Can anyone really beat a Mince and Cheese Pie with Mashed Potato, Gravy, and veges for dinner on a cold night?
A really nice (and easy) way to use up leftover savoury mince is to make pies. These are super easy and always go down a treat. Plus they freeze really well.
Miss 20 is vegetarian (not through any social conciousness issues though, but because meat – especially beef and chicken – makes her very sick), and has said to me many times that what she misses the most is having a hot, meat-and-gravy pie. Vegetarian Pies, on the most part, seem to consist of vegetables in a white or cheese sauce, encased in pastry. NOT what a pie is.
A few months ago, we saw (in the local supermarkets frozen section) a a range of products called Quorn (pronounced “Corn” ) from the UK. These are corn-derived, non-soy, vegetarian “meat” options, and are priced around $8 for a pack. There is a good range of products, including sausage rolls, “chicken” and leek pies, “chicken” schnitzel, meatballs, and mince. So we (I) bought some to try.
The mince is actually quite mince-y in texture.
First, preheat the oven to 200degrees with the oven rack in the centre of the oven. I heat some oil in a frypan, add finely diced onion, some minced garlic, and a finely diced carrot. When that has cooked through and is transparent, I add about 200gm of the Quorn mince, and fry that together.
Then, sprinkle on some flour (I use a couple of dessertspoons worth) and mix that in. This will help to thicken the gravy. Add hot vegetable stock (250ml boiling water to 1 crumbled vege stock cube) a 1/4 – 1/3 C at a time and mix carefully until each addition thickens. Then add some dried herbs (I use dried rosemary and dried oregano or dried tarragon), and soy sauce (add to taste and for colour). I also add some frozen corn at this point. Keep tasting until the ideal mince mixture taste has been achieved. Remove from heat, and let cool, then refrigerate until cold.
Defrost some ready rolled puff pastry or pastry sheets. I find that each puff pastry sheet is slightly too big for the texas muffin tin that I cook my pies in, so cut probably about 5cm off each sheet. I also cut off baking paper to line each of the muffin tins with, and use these to base the pastry size on.
Line the tins with the baking paper, and then line again this time with the pastry sheet. Don’t worry about the amount of overhang of pastry – these will fold over to encase the filling.

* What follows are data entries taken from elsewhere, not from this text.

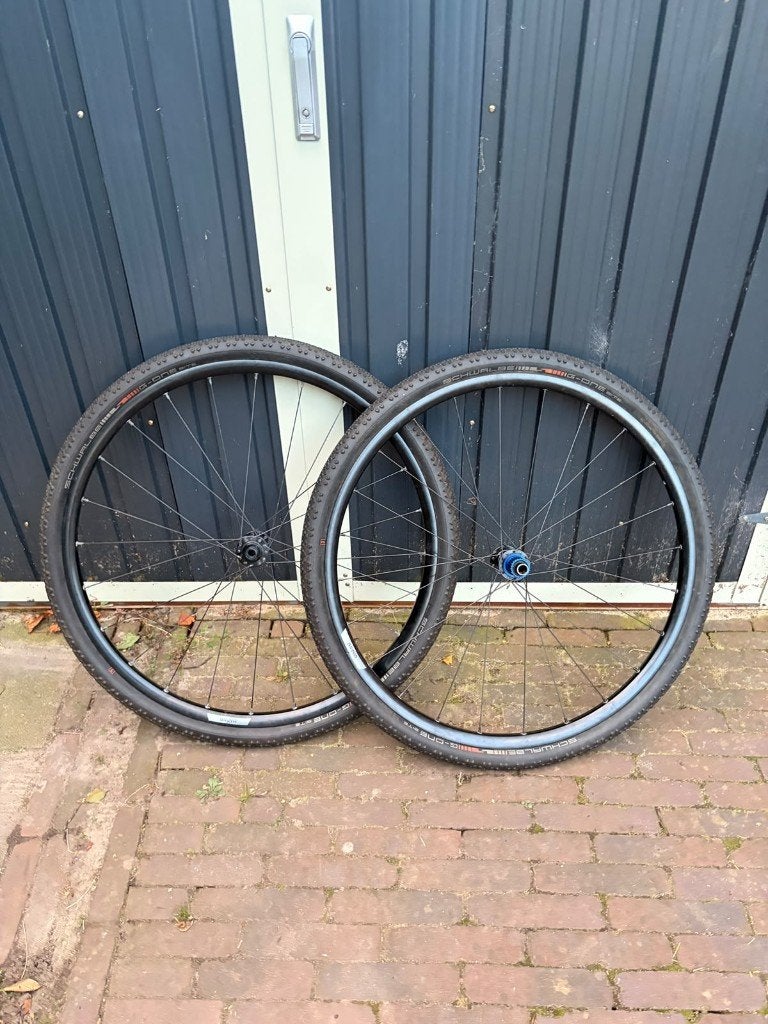 Forza Breva wielset met Schwalbe G-One Bite banden, Wiel, Forza, Ophalen of Verzenden, Zo goed als nieuw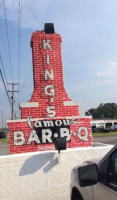 King's Barbecue outside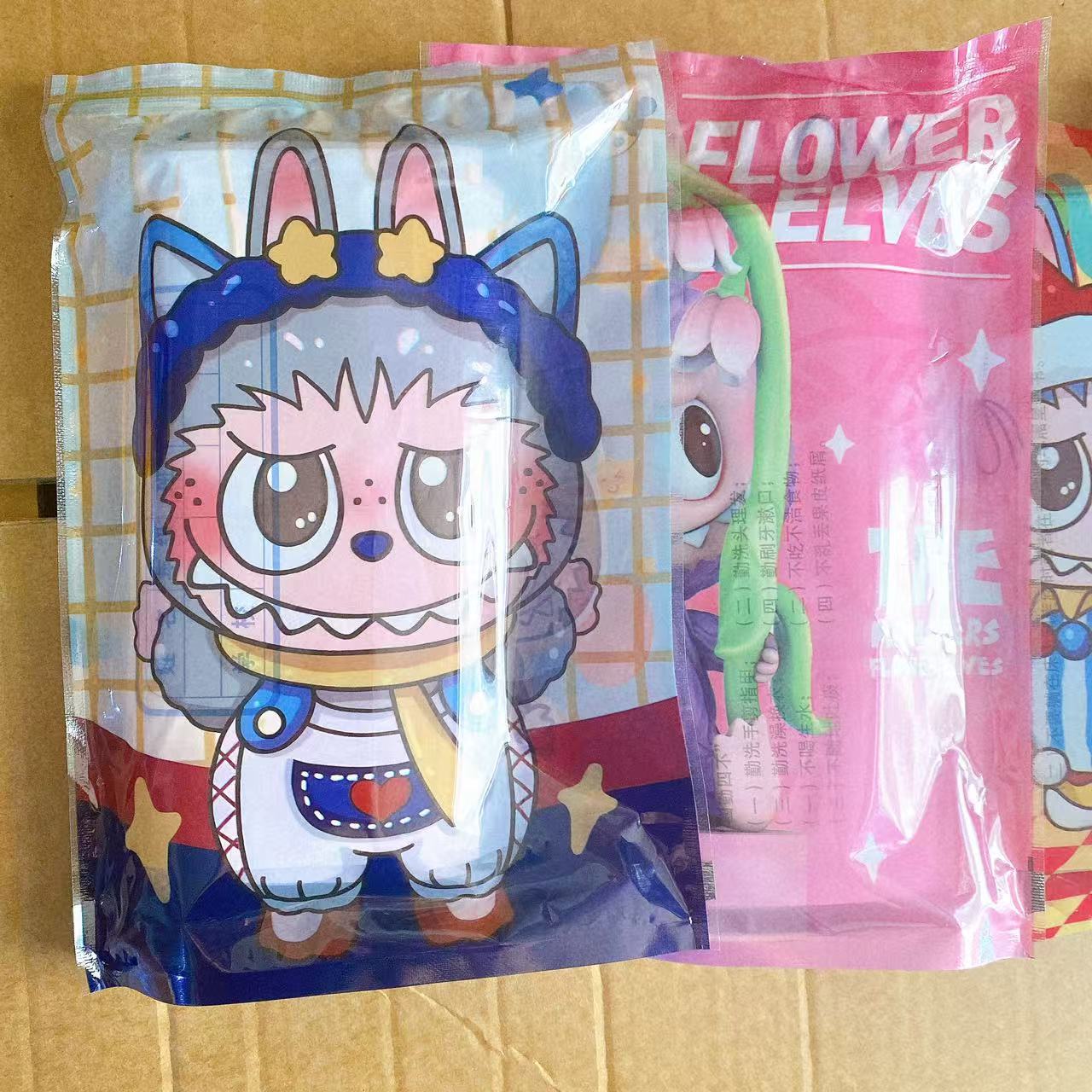Bolsas ciegas dibujos animados nuevos juguetes de estudiantes mezclar y combinar regalos de múltiples estilos de ferrules de regalo de muñeca máquina de cabina al por mayor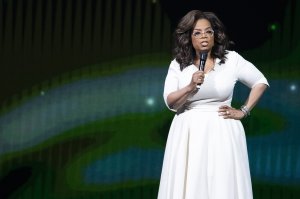 Oprah Winfrey on stage during her ’Your Path Made Clear&apos; tour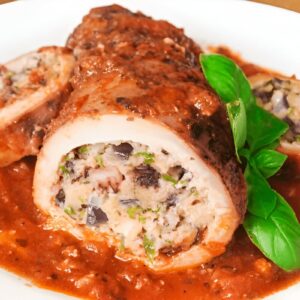 Encornet farci tranché, nappé de sauce tomate.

Put a good sized spoonful of cold mince mix into each of the pastry-lined muffin tins, and top with about a tablespoon of grated cheese. Wet the edges of the pastry, and fold first one side over the filling, and then the other, so the pie looks like a little envelope… Carefully cut 2 or 3 small slits in the top, and then brush with beaten egg. When all the tins are full, carefully slide the muffin tin into the oven and cook for about 25 – 40 minutes or until the tops, bottoms, and sides are browned (just carefully lift out a pie with the baking paper liner and check from 25/30 minutes). When cooked, life onto a cooling rack.
My normal mince mixture is treated the same way and has exactly the same ingredients, other than using chicken stock to make up the gravy instead of vegetable stock. I also used 250gm pork mince and 250gm beef mince this time (to use up the finally defrosted mince that I was planning on using for the burgers the other day)
If you run out of “large” pastry to make the Muffin Pies with, I use the 5cm strips that I have cut off to make pasties..
Gently peel some of the plastic liner back about 1cm on one long edge of the pastry strip. Place that onto another long edge, and press them together firmly. Lay a spoonful of mince in the middle and top with some grated cheese. Moisten all edges of the pastry. Fold one side up to cover the mince, and press the pastry edges together firmly. Repeat with the other side. Cut 2 or 3 slits in the top, and brush with the egg wash. Bake at 200 degrees for 30 minutes until browned top and bottom. Let cool.